> [The input]
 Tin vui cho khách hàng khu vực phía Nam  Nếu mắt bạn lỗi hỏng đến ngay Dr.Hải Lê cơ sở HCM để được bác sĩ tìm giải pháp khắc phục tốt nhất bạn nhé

---

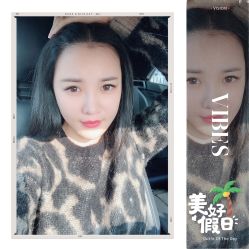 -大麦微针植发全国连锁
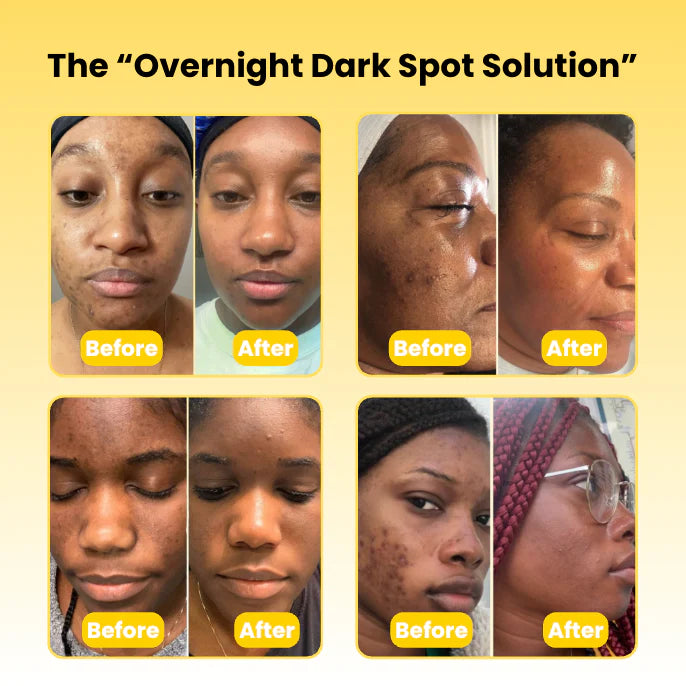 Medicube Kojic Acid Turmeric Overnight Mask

> [Work instructions] Looking at the listing above, which lines run from the one containing "-大麦微针植发全国连锁" through the one containing "Medicube Kojic Acid Turmeric Overnight Mask"? Print exactly those, ends included, pictures excluded.

> [Written response]
 -大麦微针植发全国连锁
 Medicube Kojic Acid Turmeric Overnight Mask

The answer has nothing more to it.